§ TASK GOAL
Leaving out all images, write out the records that follow exactly.

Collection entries
_ _ _ _ _
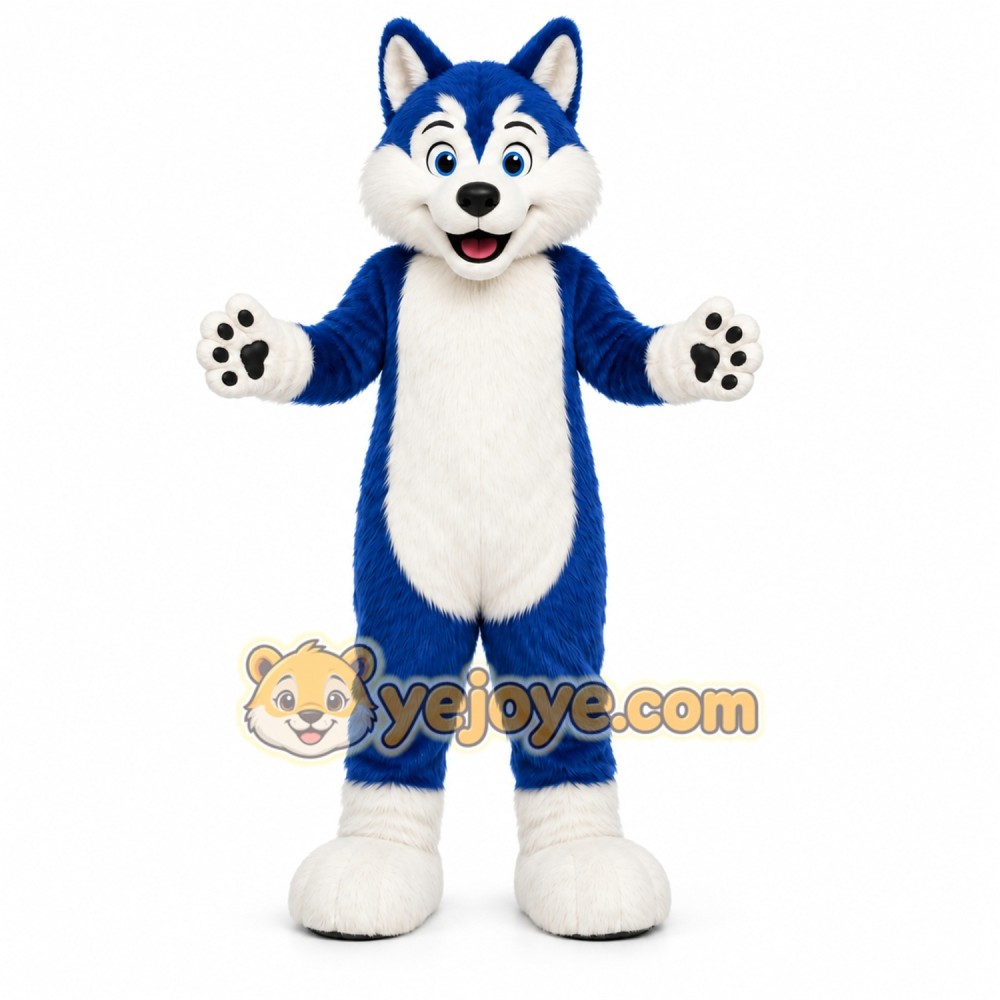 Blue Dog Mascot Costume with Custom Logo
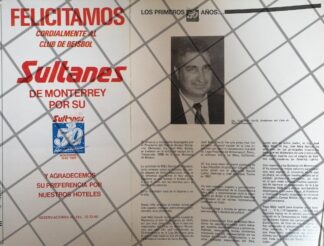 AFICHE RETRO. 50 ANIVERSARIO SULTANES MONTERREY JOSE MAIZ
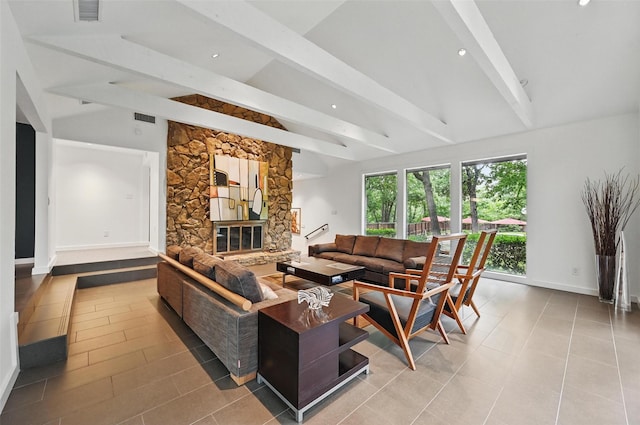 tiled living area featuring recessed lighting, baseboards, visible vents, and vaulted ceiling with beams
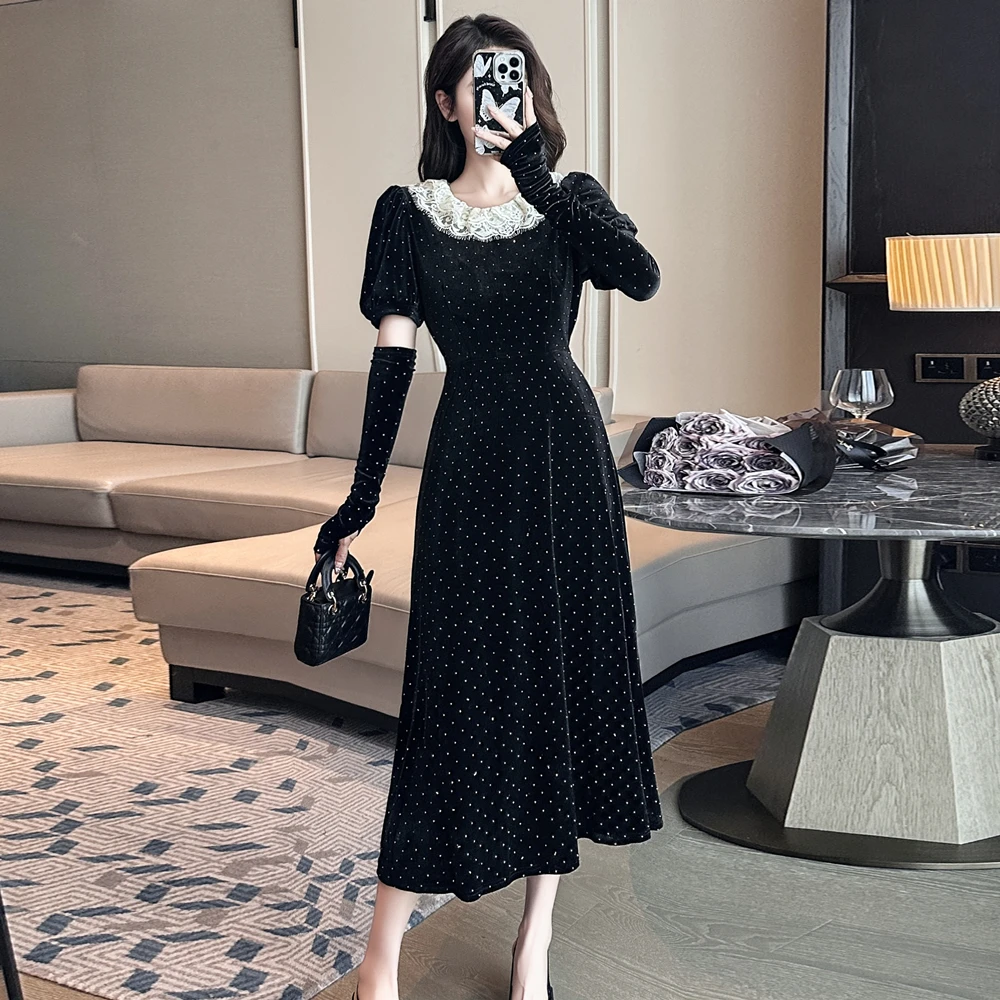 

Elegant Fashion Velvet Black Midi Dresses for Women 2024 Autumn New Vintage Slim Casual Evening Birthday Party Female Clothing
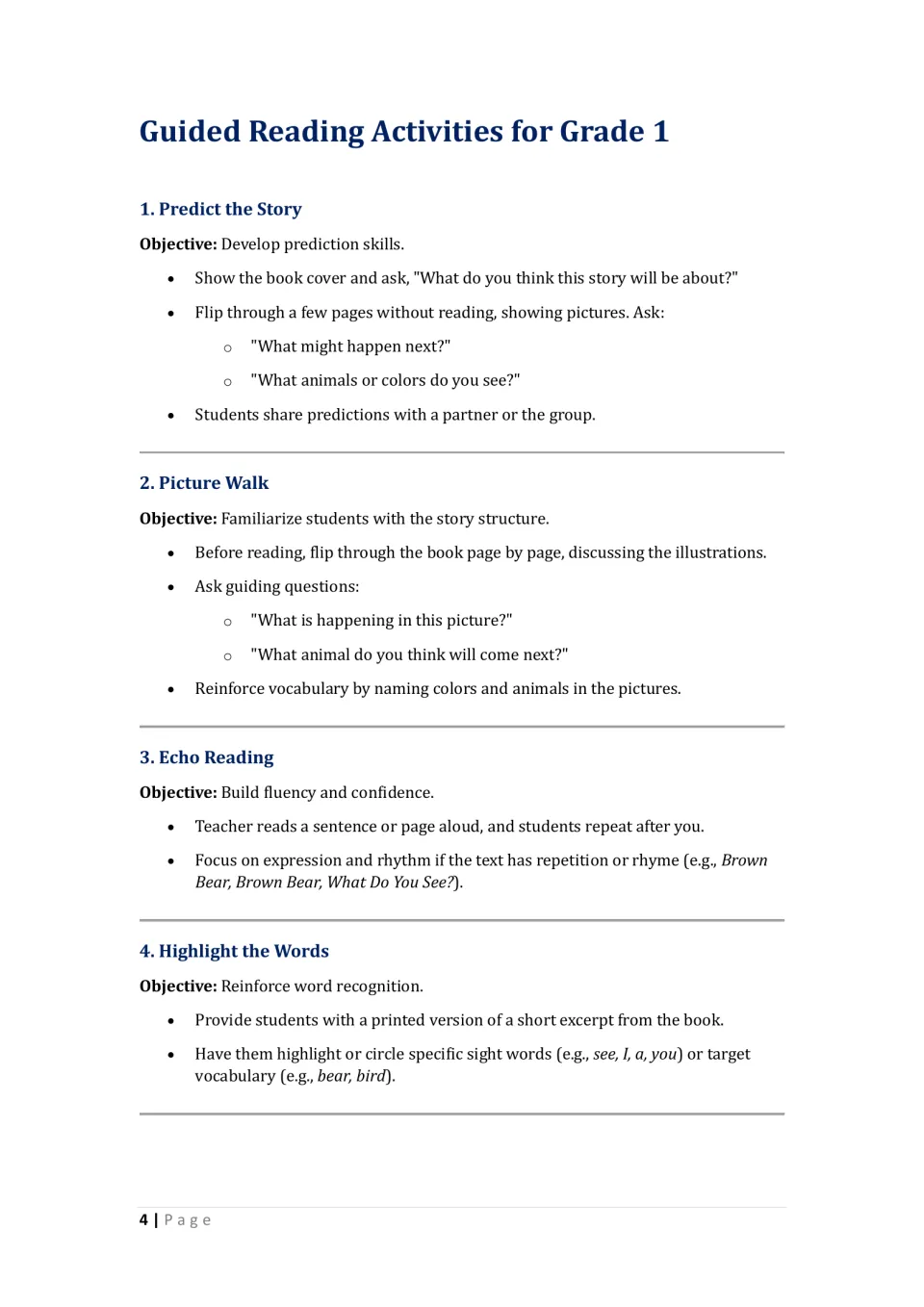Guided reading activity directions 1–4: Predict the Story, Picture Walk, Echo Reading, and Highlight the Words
_ _ _ _ _
§ RESULT OF THE EXERCISE
 Blue Dog Mascot Costume with Custom Logo
 AFICHE RETRO. 50 ANIVERSARIO SULTANES MONTERREY JOSE MAIZ
 tiled living area featuring recessed lighting, baseboards, visible vents, and vaulted ceiling with beams

Elegant Fashion Velvet Black Midi Dresses for Women 2024 Autumn New Vintage Slim Casual Evening Birthday Party Female Clothing
Guided reading activity directions 1–4: Predict the Story, Picture Walk, Echo Reading, and Highlight the Words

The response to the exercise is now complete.